* Your task *
Repeat the entries that appear below, exactly as they are given.
** Data shown follows **
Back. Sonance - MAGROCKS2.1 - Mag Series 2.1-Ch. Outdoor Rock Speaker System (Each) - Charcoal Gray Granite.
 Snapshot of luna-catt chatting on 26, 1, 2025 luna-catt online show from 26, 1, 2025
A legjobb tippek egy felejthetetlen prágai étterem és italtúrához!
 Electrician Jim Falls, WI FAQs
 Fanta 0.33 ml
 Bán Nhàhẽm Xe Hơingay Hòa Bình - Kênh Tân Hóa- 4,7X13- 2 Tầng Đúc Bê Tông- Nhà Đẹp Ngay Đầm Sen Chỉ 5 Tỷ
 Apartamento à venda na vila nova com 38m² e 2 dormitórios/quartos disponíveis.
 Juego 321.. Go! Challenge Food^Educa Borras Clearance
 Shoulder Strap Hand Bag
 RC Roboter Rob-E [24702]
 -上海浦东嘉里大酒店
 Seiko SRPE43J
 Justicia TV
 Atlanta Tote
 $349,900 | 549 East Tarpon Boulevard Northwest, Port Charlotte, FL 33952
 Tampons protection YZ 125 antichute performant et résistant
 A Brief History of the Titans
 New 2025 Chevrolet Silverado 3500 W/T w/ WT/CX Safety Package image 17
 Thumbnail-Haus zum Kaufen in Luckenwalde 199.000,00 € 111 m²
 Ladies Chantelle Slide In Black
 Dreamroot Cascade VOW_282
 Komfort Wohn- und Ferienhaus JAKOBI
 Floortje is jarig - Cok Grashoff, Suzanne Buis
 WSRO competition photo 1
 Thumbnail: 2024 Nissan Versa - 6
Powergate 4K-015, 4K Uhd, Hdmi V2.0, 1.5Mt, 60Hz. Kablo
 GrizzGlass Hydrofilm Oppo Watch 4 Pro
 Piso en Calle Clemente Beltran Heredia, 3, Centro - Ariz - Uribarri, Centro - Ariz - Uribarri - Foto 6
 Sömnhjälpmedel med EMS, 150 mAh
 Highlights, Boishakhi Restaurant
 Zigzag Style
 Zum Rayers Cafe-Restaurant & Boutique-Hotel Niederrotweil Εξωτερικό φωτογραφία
** End of Data shown **
* Answer to this problem *
Back. Sonance - MAGROCKS2.1 - Mag Series 2.1-Ch. Outdoor Rock Speaker System (Each) - Charcoal Gray Granite.
 Snapshot of luna-catt chatting on 26, 1, 2025 luna-catt online show from 26, 1, 2025
A legjobb tippek egy felejthetetlen prágai étterem és italtúrához!
 Electrician Jim Falls, WI FAQs
 Fanta 0.33 ml
 Bán Nhàhẽm Xe Hơingay Hòa Bình - Kênh Tân Hóa- 4,7X13- 2 Tầng Đúc Bê Tông- Nhà Đẹp Ngay Đầm Sen Chỉ 5 Tỷ
 Apartamento à venda na vila nova com 38m² e 2 dormitórios/quartos disponíveis.
 Juego 321.. Go! Challenge Food^Educa Borras Clearance
 Shoulder Strap Hand Bag
 RC Roboter Rob-E [24702]
 -上海浦东嘉里大酒店
 Seiko SRPE43J
 Justicia TV
 Atlanta Tote
 $349,900 | 549 East Tarpon Boulevard Northwest, Port Charlotte, FL 33952
 Tampons protection YZ 125 antichute performant et résistant
 A Brief History of the Titans
 New 2025 Chevrolet Silverado 3500 W/T w/ WT/CX Safety Package image 17
 Thumbnail-Haus zum Kaufen in Luckenwalde 199.000,00 € 111 m²
 Ladies Chantelle Slide In Black
 Dreamroot Cascade VOW_282
 Komfort Wohn- und Ferienhaus JAKOBI
 Floortje is jarig - Cok Grashoff, Suzanne Buis
 WSRO competition photo 1
 Thumbnail: 2024 Nissan Versa - 6
Powergate 4K-015, 4K Uhd, Hdmi V2.0, 1.5Mt, 60Hz. Kablo
 GrizzGlass Hydrofilm Oppo Watch 4 Pro
 Piso en Calle Clemente Beltran Heredia, 3, Centro - Ariz - Uribarri, Centro - Ariz - Uribarri - Foto 6
 Sömnhjälpmedel med EMS, 150 mAh
 Highlights, Boishakhi Restaurant
 Zigzag Style
 Zum Rayers Cafe-Restaurant & Boutique-Hotel Niederrotweil Εξωτερικό φωτογραφία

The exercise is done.